The State Treasury will offer 5 trillion dong ($240 million) of two-, three- and five-year securities, according to a statement from the Hanoi Stock Exchange. Rates for one-, two-and three-year notes fell at auctions on Jan. 7 and Dec. 27. Low credit demand has spurred banks to buy more debt with surplus cash, said Nguyen Tan Thang, fixed-income investment director at Ho Chi Minh City Securities Joint-Stock Co.
“Most good banks have a lot of money but cannot lend out so mostly they’re buying bonds,” he said.
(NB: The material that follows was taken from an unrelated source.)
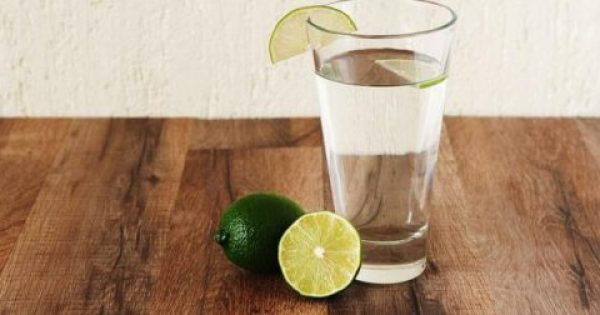 Νερό με λεμόνι και αδυνάτισμα: Ποιες είναι οι παρενέργειες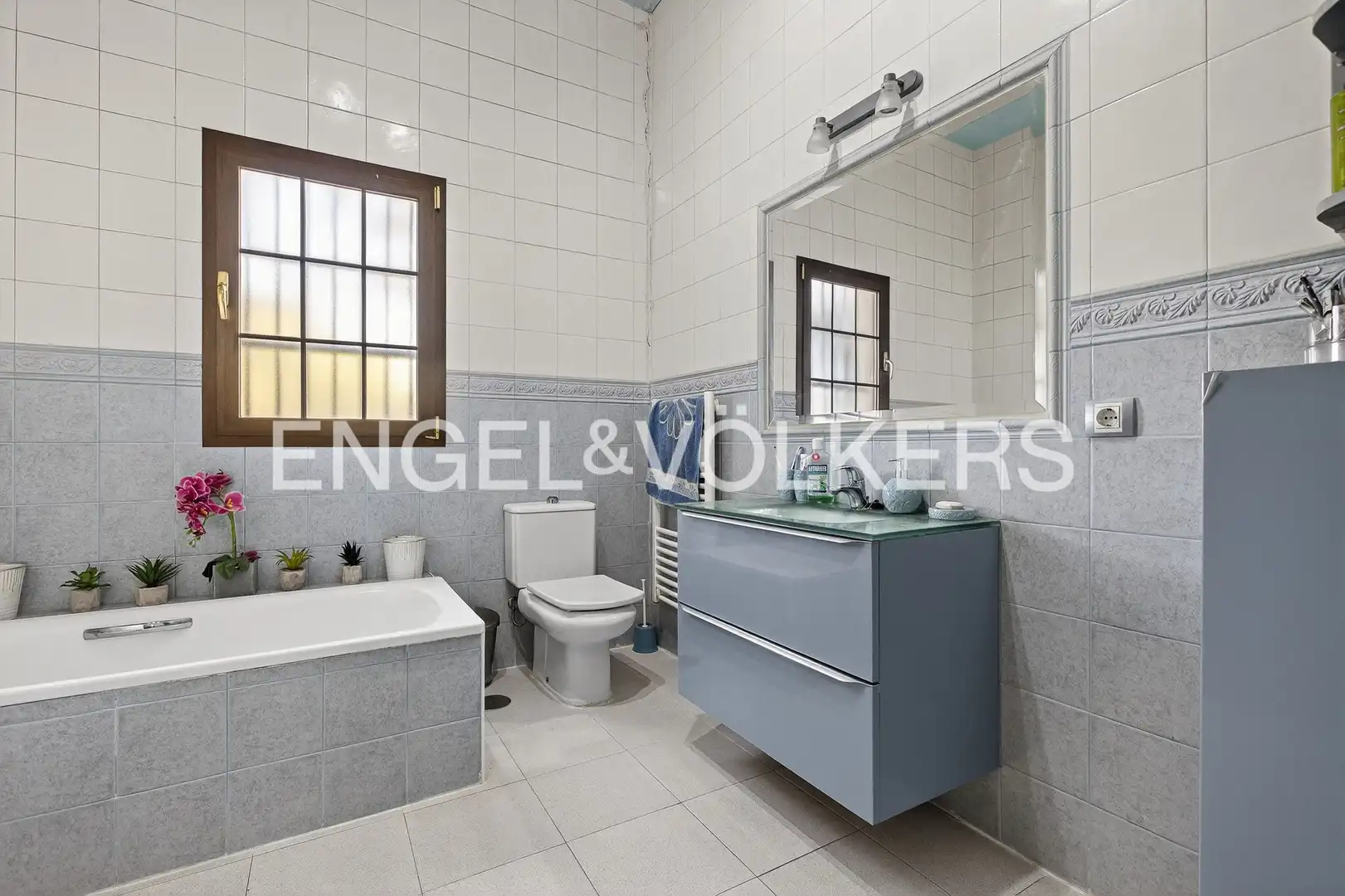 Bathroom of Houses for sale in Morón de la Frontera  with Air Conditioner, Heating and Private garden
The yield on the three-year bonds fell 10 basis points, or 0.10 percentage point, to 8.90 percent, according to a daily fixing rate from banks compiled by Bloomberg. That’s the lowest level since May 25, 2009 and the biggest decline since Nov. 27. The yield on the benchmark five-year notes fell five basis points to 9.62 percent.
The dong traded at 20,843 per dollar as of 3:52 p.m. in Hanoi, the same as yesterday, according to data compiled by Bloomberg. The State Bank of Vietnam set its reference rate at 20,828, unchanged since December 2011, according to its website. The currency is allowed to trade as much as 1 percent on either side of the rate.